Daniel también es un buen ejemplo para nosotros, cuando “se propuso en su corazón no contaminarse” (Daniel 1:8). Pero proponernos en el corazón ser fieles ante la prueba implica alejarnos y exponernos lo menos posible al fuego. Allí radica la verdadera templanza.
No consiste en poder estar frente a la cerveza sin tomarla, sino en mantenerse lo más lejos posible de la invitación a beber.
Aunque hemos tomado como ejemplo la tentación sexual, muchas otras son las seducciones que deben recibir un rotundo «no» de nuestra parte.
El alcohol, y toda sustancia que tienda a pervertir nuestros sentidos, es una de ellas (Proverbios 20:1, 23:20, 30-35, Efesios 5:18, 1 Timoteo 3:2, 8, Tito 2:3). Los ejemplos de Noé, Belsasar, Herodes así lo comprueban.

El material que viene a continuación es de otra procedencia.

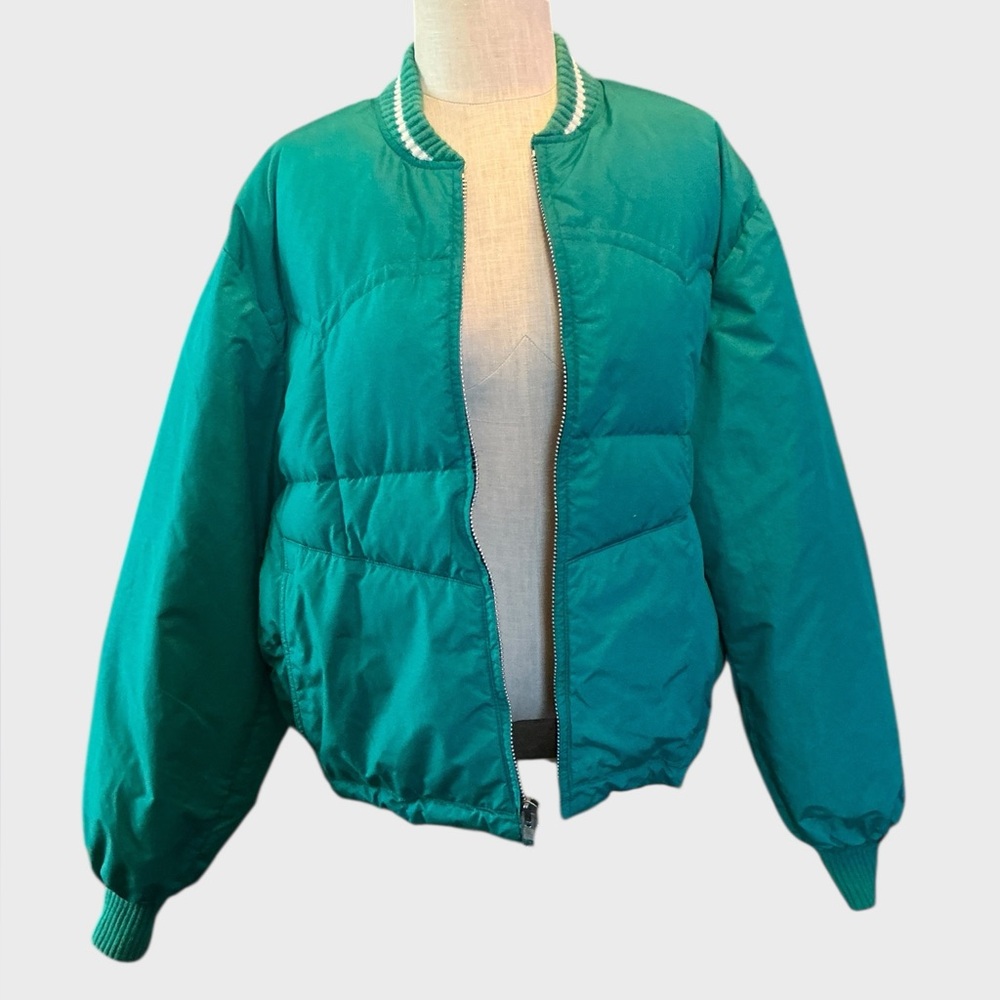 Vintage Comfy USA Down Bomber Jacket Teal Puffer Made in USA Men’s XL 2XL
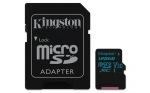 Obrzok produktu 128 GB . microSDXC karta Kingston Class U3 UHS-I V30 (r90MB / s,  w45MB / s) + adaptr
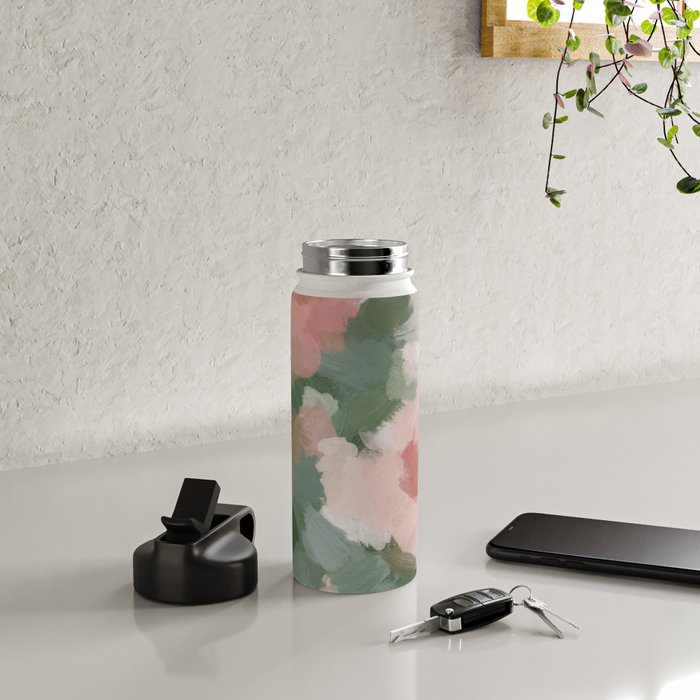 Rosy Radiance - Light Pink Rose Flower Forest Sage Green Leaf Garden Abstract Nature Painting Art Water Bottle Gallery Image 4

La templanza dice «moderación»
Pero en el caso de muchas otras cosas, que no son negativas, la templanza también tiene algo para decir, y es «moderación». Esto aplica de manera especial con la alimentación. Pero también con el trabajo, el descanso, el ejercicio, uso de redes sociales, televisión, videojuegos, etc…
Todo lo que ocupa un lugar más prominente del que debiera, llegar a ser perjudicial. Especialmente en el marco de una guerra espiritual donde Satanás pretende desviar nuestra adoración hacia cualquier objeto, persona o práctica que no sea Dios.
Por ello el cristiano debe colaborar con el Espíritu Santo para desarrollar templanza. Es decir, la capacidad de decir «no» al pecado, y de rehuir a los excesos en toda área de la vida.
Como siempre, esta no es una obra que nosotros seamos capaces de hacer. Pero cuando se unen el poder Divino y la voluntad humana, todo es posible.